Even though the tongue heals faster than other parts of the body, a sore tongue with bumps can be a cause for irritation. It can occur from simply biting on the tongue while talking or eating too fast, or burning it with a hot liquid or food. The sufferer can even make it worse by constantly rubbing the affected part of the tongue over his or her teeth or against the inside of the mouth. Some ailments are more serious in nature and will need to be treated by a medical professional. Leukoplakia, excessive yeast growth, and oral lichen planus are some medical reasons for a sore tongue with bumps on it.
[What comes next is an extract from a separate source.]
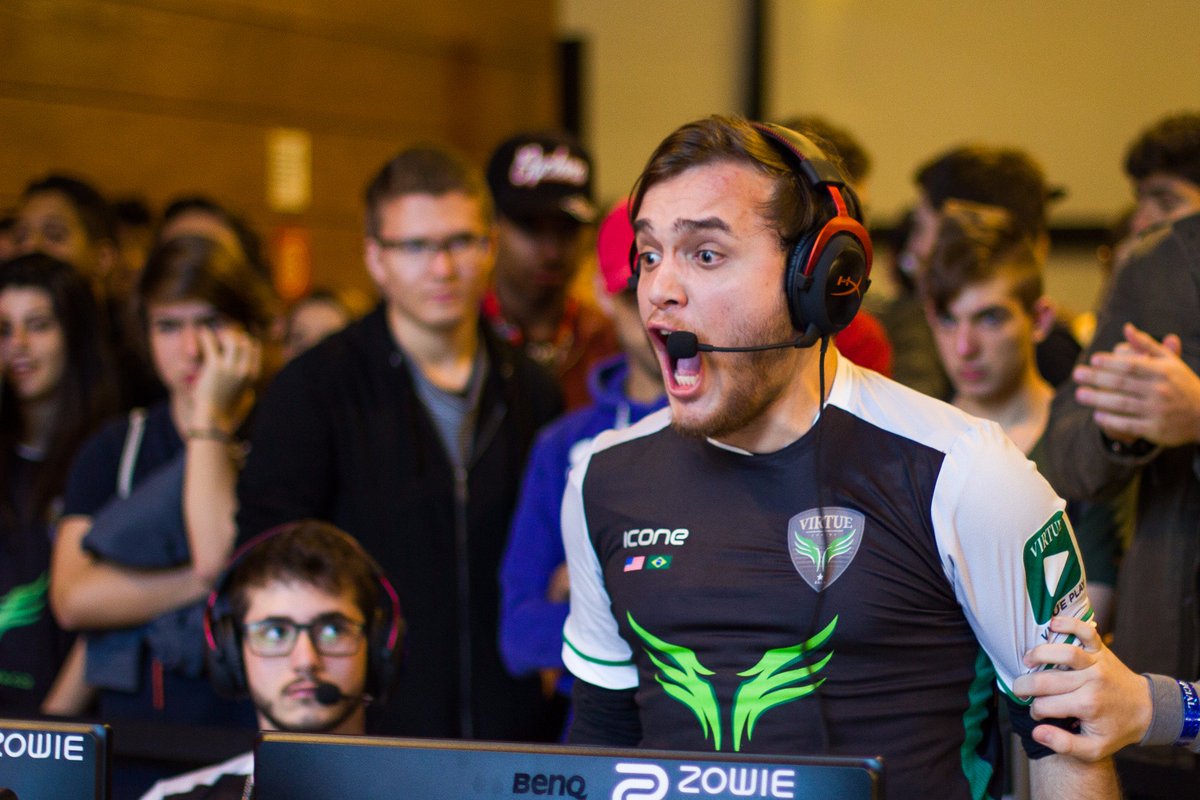 guerraesports's tweet photo. Pronto! As fotos da Gran Final de CoD:IW da @BSOGOficial estão no Flickr. Espero que gostem do resultado 💜 tá aqui: https://t.co/mLylcsE3cl https://t.co/qgEE4Ryyhg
Leukoplakia is commonly connected to a sore tongue that has bumps. This medical condition is noted to cause cells in and around the tongue to grow in excess, forming pale, bumpy patches on the surface of the tongue. These bumps can be painful when disturbed and especially obtrusive while eating. A mere nuisance, most cases of leukoplakia can be helped with medications prescribed by a doctor. If the bumps on the tongue are persistent, then it can potentially be a precursor to cancerous growths.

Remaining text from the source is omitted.